Inflation, or its absence, has been one of the key reasons that the US Fed has been able to leave rates at zero even though the US economy grew strongly in 2014.

But all that is about to change, according to Wells Capital Management's noted US economist Jim Paulsen.

In his latest Economic and Market Perspective Paulsen argues that despite weak growth "overheat pressures are mounting" in the US economy.
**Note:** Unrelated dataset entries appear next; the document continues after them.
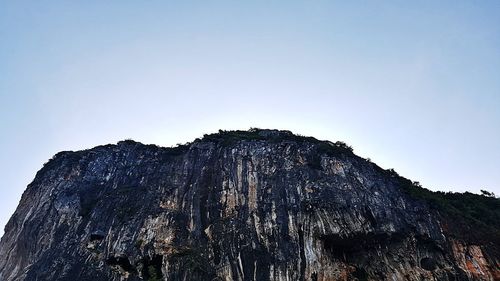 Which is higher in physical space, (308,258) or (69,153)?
(69,153)

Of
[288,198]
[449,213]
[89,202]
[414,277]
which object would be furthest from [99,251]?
[449,213]

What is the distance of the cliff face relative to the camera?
3034cm

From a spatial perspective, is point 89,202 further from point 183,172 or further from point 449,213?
point 449,213

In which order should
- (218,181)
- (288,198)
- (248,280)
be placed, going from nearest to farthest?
1. (248,280)
2. (288,198)
3. (218,181)

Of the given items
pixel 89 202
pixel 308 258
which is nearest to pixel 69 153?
pixel 89 202

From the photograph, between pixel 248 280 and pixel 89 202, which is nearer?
pixel 248 280

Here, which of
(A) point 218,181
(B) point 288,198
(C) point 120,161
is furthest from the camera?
(C) point 120,161

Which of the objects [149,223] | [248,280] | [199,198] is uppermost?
[199,198]

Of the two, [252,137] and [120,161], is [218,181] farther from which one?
[120,161]

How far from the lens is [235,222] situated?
32.9m

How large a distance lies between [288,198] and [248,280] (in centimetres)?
786

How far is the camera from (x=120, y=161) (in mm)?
41875

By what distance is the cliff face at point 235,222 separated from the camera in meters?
30.3

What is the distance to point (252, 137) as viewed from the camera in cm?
4319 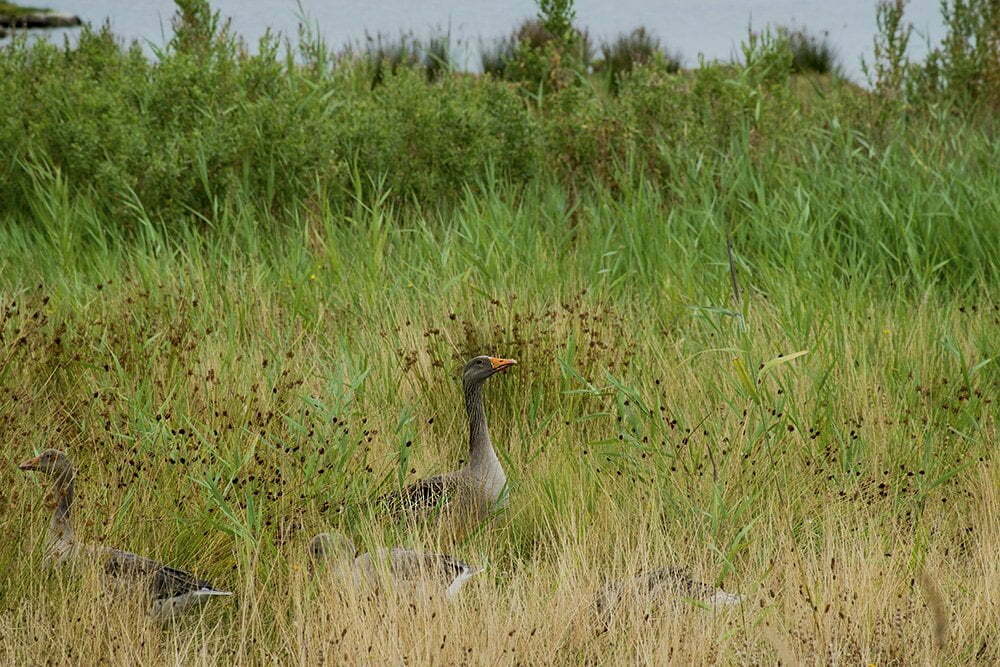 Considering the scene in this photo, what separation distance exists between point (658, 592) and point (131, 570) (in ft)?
5.42

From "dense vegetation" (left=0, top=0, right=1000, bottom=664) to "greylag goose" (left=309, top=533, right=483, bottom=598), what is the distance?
0.36 ft

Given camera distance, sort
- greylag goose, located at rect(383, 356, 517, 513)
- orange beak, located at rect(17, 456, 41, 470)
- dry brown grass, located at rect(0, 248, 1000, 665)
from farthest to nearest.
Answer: greylag goose, located at rect(383, 356, 517, 513) < orange beak, located at rect(17, 456, 41, 470) < dry brown grass, located at rect(0, 248, 1000, 665)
His key point is this:

With the economy nearing full employment, even remarkably modest growth could aggravate resource pressures, cost-push problems, interest rates, and the speed and magnitude by which the Fed may be forced to calibrate its exit strategy.

Paulsen has put together a cogent argument which highlights the fact that while US growth has been sluggish for years – employment struggling and wages growth low – all that is changing.

Here are his compelling charts which make the argument the Fed must tighten, and sooner than many expect.

The trend in US economic growth is changing

Citigroup U.S. Economic Surprise Index

This is happening at a time when employment is nearing full employment and wage costs are rising.

The US economy is nearing full employment

Unemployment Intial Jobless Claims Charts

Wages costs are rising

Wage Costs Are Rising

That means that if the US dollar weakness persists it will change thinking "among both policy officials and investors. Already the weakness in the US dollar has helped lift the prices of commodities."

As Soc Gen highlighted last week, this is also changing the outlook for inflation around the globe.

It all adds up to the increased risk in Paulsen's view that if these, "pressures continue to intensify, 'good news becoming bad news' may increasingly dominate the mindset of both the Fed and the financial markets during the second half of this year."

That's a recipe for stock market ructions and a return to strength of the US dollar.

It also means the RBA is likely to be right eventually about a turn in the US economy and the US dollar driving the Aussie dollar down.